━━━ EXERCISE DATA ━━━

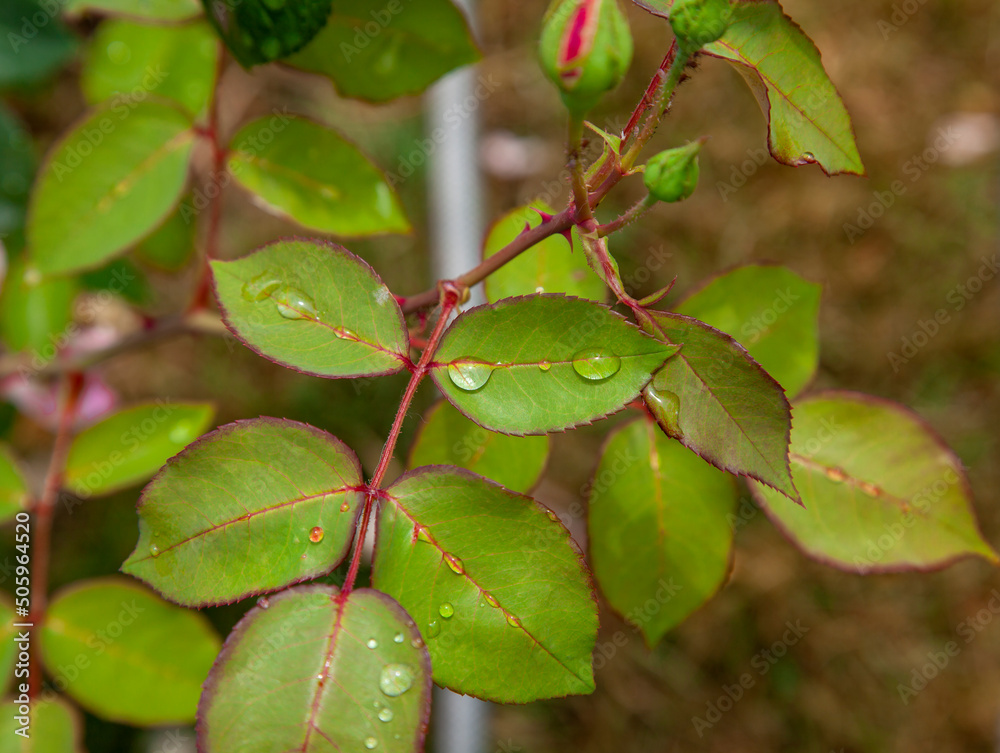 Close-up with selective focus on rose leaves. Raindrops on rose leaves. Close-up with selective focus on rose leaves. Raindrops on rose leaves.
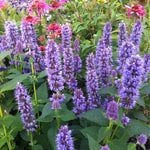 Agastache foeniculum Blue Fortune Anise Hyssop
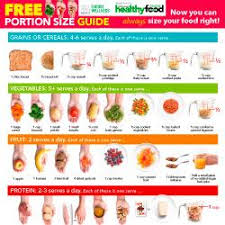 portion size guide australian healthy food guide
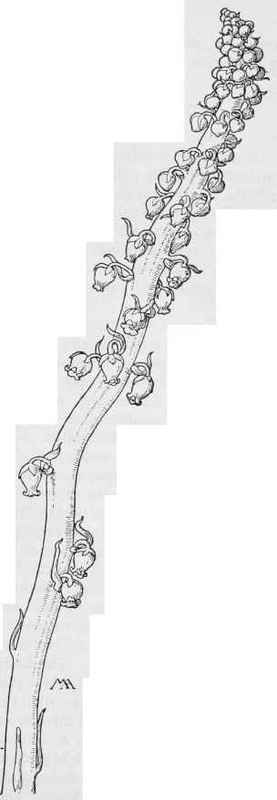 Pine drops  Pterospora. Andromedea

━━━

TASK DIRECTIONS: The copy should hold, exactly, the lines from the one containing "Agastache foeniculum Blue" to the final line of the listing above, with both ends present and no pictures.

RESPONSE TO THIS EXERCISE:
 Agastache foeniculum Blue Fortune Anise Hyssop
 portion size guide australian healthy food guide
 Pine drops  Pterospora. Andromedea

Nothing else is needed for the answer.